Class SimpleDetector

java.lang.Object
com.yahoo.language.simple.SimpleDetector
All Implemented Interfaces:
Detector

public class SimpleDetector extends Object implements Detector
Includes functionality for determining the langCode from a sample or from the encoding. There are two ways to guess a String's langCode, by encoding and by character set. If the encoding is available this is a very good indication of the langCode. If the encoding is not available, then the actual characters in the string can be used to make an educated guess at the String's langCode. Recall a String in Java is unicode. Therefore, we can simply look at the unicode blocks of the characters in the string. Unfortunately, its not 100% fool-proof. From what I've been able to determine, Korean characters do not overlap with Japanese or Chinese characters, so their presence is a good indication of Korean. If a string contains phonetic japanese, this is a good indication of Japanese.
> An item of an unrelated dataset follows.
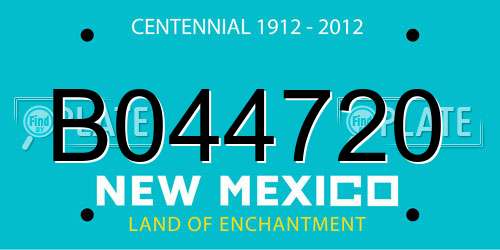 B044720 New Mexico License Plate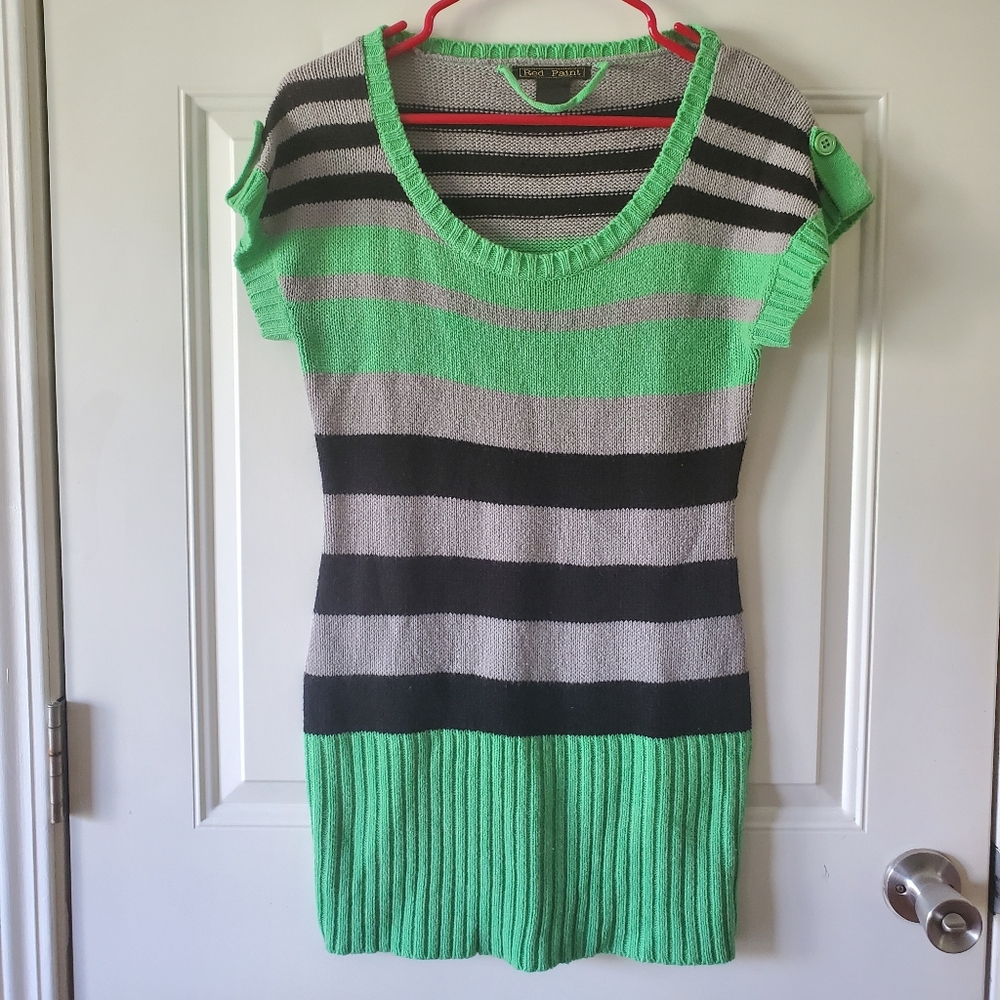 Red Paint Knit Long Tunic Striped Top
However, Japanese and Chinese characters occupy many of the same character blocks, so if there are no definitive signs of Japanese then it is assumed that the String is Chinese.
Author:
Rich Pito, bjorncs
  • Constructor Details

    • SimpleDetector

      public SimpleDetector()
  • Method Details

    • detect

      public Detection detect(byte[] input, int offset, int length, Hint hint)
      Description copied from interface: Detector
      Detects language and encoding of the supplied byte array, possibly using a language/encoding hint.
      Specified by:
      detect in interface Detector
      Parameters:
      input - the buffer that is to be inspected
      offset - the offset to detect from
      length - the size to detect from
      hint - a hint to the detector, or null for no hint
      Returns:
      an array of possible language/encoding pairs, sorted by decreasing confidence (possibly empty, but never null)
    • detect

      public Detection detect(ByteBuffer input, Hint hint)
      Description copied from interface: Detector
      Detects language and encoding of the supplied ByteBuffer, possibly using a language/encoding hint.
      Specified by:
      detect in interface Detector
      Parameters:
      input - the buffer that is to be inspected, from its current position to its limit
      hint - a hint to the detector, or null for no hint
      Returns:
      an array of possible language/encoding pairs, sorted by decreasing confidence (possibly empty, but never null)
    • detect

      public Detection detect(String input, Hint hint)
      Description copied from interface: Detector
      Detects language of the supplied String, possibly using a language hint.
      Specified by:
      detect in interface Detector
      Parameters:
      input - the string that is to be inspected
      hint - a hint to the detector, or null for no hint
      Returns:
      an array of possible language/encoding pairs, sorted by decreasing confidence (possibly empty, but never null)
    • guessLanguage

      public Language guessLanguage(byte[] buf, int offset, int length)
    • guessLanguage

      public Language guessLanguage(String input)
    • guessEncoding

      public String guessEncoding(byte[] input)
    • guessEncoding

      public String guessEncoding(byte[] input, int offset, int length)